American manufacturer of microphones

The Turner Microphone Company was an American manufacturer of microphones in Cedar Rapids, Iowa from 1931 to 1979. Turner operated as a small company but produced and sold many well made but modestly priced microphones. Many of the microphones they produced were general purpose bullet-style microphones and CB radio communications microphones. Many of the company's 1940s-1950s microphones had an Art Deco appearance.

==History==
The Turner Microphone company was founded by David Turner and Everett Foster in Cedar Rapids, Iowa in 1931. The company soon began making microphones and public address systems. Turner opened a larger factory in 1936 and produced a large quantity of microphones and grew to 1200 employees by the 1970s. The company was sold to Telex in 1978 and ceased operations in 1979.

==Notable models==
The Model 22 was a very popular microphone throughout the 1940s and 1950s which was offered with both a crystal and ceramic element. This model featured a brushed nickel finish and an art deco styling with Turner's distinctive shark fin on top.
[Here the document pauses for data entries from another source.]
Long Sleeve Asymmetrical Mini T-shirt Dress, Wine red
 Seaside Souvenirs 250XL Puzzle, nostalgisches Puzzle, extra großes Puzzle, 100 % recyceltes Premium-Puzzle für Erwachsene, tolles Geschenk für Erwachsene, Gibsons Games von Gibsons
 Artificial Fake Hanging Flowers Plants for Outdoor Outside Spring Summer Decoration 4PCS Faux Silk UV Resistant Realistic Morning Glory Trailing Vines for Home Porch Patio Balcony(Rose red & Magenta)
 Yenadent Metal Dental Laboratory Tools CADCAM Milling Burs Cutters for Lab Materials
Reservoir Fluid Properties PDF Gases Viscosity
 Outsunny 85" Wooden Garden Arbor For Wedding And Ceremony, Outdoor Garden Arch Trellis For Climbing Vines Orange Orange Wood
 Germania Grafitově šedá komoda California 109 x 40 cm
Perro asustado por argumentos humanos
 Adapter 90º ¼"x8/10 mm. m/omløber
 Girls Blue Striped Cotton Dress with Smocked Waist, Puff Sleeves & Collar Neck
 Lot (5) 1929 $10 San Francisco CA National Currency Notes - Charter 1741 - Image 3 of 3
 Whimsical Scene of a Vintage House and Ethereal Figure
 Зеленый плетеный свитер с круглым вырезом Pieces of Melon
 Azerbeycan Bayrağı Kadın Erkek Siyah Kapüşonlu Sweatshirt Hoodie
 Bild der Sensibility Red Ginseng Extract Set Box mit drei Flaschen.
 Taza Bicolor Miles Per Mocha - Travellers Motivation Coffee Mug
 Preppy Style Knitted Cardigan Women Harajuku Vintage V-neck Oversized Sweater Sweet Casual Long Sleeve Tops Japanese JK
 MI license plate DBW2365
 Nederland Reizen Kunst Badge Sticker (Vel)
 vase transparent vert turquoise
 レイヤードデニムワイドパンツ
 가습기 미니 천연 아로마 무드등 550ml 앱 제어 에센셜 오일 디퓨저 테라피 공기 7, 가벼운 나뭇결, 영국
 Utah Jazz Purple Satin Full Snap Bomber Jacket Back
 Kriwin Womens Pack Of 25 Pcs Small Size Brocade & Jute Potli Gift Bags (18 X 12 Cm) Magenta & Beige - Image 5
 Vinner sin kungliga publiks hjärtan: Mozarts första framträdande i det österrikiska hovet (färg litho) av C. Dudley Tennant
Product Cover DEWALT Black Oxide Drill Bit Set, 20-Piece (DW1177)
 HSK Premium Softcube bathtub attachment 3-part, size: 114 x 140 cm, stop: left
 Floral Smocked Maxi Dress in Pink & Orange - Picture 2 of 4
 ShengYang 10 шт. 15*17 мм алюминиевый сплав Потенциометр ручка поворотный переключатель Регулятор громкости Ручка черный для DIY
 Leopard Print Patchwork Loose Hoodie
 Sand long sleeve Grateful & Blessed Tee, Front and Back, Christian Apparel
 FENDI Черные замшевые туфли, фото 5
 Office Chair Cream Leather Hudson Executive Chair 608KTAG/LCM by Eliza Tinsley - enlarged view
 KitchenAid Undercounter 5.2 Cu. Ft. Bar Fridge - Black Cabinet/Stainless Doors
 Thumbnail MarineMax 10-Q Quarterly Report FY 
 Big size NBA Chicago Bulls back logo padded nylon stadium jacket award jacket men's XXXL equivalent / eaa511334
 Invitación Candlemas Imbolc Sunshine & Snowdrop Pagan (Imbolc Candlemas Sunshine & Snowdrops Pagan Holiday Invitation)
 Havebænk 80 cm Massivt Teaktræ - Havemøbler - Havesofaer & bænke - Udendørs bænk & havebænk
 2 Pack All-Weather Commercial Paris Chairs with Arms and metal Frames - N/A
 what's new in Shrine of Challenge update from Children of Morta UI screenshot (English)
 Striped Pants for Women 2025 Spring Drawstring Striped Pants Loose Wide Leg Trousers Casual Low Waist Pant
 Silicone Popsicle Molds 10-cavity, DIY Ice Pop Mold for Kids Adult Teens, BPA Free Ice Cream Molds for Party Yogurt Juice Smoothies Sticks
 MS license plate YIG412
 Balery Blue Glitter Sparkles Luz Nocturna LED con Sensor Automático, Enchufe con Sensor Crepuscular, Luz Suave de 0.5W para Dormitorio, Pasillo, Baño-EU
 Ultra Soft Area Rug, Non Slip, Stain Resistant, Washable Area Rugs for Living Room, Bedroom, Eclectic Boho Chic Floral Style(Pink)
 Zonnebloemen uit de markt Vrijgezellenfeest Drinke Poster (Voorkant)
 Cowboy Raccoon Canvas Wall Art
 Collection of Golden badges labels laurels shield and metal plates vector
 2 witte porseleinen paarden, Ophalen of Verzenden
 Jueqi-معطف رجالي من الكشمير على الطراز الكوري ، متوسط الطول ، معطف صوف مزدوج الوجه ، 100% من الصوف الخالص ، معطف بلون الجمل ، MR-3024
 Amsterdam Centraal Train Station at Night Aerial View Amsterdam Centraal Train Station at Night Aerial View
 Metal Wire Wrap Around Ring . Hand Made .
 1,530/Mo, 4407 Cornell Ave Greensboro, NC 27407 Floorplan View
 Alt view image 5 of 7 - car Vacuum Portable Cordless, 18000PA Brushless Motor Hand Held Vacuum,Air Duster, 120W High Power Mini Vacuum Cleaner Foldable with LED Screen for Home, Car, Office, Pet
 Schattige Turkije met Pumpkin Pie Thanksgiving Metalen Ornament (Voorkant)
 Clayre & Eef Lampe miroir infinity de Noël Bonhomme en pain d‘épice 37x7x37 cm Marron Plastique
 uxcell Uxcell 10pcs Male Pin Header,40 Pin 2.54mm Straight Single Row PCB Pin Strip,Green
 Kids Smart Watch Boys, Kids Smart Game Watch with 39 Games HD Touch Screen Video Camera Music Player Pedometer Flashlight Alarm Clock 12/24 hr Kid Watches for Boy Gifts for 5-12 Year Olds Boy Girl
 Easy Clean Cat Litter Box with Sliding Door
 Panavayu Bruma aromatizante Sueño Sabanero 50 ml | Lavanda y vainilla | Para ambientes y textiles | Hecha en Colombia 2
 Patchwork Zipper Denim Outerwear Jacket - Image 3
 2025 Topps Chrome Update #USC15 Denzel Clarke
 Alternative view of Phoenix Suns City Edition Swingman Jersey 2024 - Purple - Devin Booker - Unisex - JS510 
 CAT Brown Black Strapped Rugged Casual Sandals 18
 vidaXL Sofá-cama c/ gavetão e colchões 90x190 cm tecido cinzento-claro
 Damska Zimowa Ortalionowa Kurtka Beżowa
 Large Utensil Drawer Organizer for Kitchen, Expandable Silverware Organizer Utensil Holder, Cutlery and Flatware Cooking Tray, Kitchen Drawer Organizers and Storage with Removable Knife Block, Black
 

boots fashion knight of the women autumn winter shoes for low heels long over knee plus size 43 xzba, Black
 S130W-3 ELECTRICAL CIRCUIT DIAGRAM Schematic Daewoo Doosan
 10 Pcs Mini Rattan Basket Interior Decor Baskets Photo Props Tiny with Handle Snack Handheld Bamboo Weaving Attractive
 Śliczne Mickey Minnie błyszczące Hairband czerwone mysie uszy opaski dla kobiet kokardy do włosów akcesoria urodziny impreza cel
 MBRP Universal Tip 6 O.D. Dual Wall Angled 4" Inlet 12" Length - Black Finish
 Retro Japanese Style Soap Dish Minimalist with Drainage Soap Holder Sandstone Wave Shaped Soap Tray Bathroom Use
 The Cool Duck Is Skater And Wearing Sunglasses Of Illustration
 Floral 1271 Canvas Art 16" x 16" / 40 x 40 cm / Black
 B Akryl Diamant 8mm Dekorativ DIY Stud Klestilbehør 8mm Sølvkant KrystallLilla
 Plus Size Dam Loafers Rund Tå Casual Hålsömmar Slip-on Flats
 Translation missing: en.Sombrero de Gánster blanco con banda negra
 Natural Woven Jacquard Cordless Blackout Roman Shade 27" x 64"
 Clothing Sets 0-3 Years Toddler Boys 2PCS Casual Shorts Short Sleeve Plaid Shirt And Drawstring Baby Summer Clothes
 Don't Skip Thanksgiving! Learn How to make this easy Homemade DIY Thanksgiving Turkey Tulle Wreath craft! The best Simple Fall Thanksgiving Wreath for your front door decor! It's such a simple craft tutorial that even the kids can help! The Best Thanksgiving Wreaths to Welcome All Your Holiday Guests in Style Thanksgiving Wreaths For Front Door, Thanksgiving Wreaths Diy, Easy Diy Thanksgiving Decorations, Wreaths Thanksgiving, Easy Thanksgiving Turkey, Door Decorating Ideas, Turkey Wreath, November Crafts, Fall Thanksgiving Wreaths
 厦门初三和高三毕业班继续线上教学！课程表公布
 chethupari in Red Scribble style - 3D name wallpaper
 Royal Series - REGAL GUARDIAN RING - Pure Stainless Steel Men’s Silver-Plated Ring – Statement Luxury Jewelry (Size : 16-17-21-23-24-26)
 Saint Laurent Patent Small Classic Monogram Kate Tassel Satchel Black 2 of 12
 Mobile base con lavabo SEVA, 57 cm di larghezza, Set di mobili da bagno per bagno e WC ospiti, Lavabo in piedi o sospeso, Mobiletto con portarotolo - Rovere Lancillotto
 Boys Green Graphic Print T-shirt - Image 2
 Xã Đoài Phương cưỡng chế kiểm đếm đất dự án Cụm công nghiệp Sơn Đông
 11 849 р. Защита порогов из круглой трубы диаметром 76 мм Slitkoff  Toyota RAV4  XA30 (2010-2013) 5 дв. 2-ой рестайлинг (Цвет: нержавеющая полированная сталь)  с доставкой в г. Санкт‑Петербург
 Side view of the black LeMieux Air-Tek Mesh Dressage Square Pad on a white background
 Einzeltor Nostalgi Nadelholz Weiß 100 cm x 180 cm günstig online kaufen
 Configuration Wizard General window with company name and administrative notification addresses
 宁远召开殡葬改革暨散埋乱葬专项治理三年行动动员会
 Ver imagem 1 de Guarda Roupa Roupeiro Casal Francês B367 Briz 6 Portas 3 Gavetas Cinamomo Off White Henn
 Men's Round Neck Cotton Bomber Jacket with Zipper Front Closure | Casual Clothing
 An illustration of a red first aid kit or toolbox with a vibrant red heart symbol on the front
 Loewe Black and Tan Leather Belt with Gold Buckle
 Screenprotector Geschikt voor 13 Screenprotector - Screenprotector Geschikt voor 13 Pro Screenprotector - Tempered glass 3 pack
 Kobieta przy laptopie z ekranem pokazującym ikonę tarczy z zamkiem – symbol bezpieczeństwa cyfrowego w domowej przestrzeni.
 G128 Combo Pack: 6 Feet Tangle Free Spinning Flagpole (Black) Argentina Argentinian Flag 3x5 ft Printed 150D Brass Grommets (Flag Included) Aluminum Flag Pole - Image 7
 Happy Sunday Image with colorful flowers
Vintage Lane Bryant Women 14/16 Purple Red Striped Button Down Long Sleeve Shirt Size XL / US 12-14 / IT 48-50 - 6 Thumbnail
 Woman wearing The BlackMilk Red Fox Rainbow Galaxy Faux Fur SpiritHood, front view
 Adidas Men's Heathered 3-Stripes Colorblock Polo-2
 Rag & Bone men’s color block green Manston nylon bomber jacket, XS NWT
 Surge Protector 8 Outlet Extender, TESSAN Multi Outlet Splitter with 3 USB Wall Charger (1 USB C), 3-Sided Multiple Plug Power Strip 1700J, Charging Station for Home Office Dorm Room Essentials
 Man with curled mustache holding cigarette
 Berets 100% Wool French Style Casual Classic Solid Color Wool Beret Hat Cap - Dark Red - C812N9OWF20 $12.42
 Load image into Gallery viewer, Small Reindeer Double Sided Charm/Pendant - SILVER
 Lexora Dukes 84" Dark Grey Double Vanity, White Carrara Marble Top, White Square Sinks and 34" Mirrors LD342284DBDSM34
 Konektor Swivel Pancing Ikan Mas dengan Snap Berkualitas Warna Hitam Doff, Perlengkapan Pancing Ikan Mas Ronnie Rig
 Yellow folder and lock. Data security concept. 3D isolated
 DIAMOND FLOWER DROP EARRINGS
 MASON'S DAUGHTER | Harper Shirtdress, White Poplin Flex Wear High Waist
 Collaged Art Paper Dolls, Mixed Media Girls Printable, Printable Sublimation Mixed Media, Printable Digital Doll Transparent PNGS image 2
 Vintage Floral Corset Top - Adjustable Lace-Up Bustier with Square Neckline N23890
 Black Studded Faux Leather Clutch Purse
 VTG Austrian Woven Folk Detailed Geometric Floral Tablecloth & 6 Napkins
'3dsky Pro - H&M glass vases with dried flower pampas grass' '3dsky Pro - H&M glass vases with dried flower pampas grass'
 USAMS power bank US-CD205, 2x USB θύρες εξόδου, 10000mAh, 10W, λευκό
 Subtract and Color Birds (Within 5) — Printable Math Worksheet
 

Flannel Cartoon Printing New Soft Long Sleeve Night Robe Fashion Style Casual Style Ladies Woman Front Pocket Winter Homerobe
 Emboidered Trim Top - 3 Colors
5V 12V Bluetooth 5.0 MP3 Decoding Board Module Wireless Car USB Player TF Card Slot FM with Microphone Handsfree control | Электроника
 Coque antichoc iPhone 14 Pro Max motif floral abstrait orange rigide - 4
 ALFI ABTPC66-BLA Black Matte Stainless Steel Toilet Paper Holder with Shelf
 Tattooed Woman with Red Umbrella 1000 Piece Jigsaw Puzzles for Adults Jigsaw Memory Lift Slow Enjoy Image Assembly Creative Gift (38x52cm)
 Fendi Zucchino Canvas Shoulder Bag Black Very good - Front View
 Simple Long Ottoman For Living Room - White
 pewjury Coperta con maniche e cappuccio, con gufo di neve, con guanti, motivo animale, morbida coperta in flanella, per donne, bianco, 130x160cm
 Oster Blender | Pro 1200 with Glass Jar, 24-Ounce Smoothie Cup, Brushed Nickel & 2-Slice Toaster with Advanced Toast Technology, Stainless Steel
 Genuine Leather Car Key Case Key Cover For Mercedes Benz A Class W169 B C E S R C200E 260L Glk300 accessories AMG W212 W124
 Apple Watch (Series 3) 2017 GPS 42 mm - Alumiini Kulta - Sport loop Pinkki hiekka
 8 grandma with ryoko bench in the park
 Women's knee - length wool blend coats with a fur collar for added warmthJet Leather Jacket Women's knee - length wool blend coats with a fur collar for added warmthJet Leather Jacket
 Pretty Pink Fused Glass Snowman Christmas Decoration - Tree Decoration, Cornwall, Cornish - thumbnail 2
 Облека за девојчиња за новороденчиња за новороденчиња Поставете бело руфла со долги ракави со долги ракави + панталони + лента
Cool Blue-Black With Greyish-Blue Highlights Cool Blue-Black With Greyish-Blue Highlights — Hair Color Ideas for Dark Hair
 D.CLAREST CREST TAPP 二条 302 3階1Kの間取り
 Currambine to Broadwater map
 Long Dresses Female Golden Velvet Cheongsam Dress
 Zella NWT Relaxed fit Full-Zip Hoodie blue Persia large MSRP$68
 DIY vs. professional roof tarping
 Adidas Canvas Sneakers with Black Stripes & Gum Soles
The CD, BD, CX, Challenger was another very popular microphone of the era. This model featured an Art Deco styling with a distinctive “shark fin” on the top. It was produced from 1940 to 1948. The microphone was offered in both Brown and brushed Chrome with options of a crystal or dynamic element. The Challenger models have become highly sought after by collectors due to its styling and use by Blues harmonica players.

The Model 33 was a large chrome-finished microphone with an Art Deco styling offered in both a crystal and dynamic element. It was produced from the 1940s to the 1950s.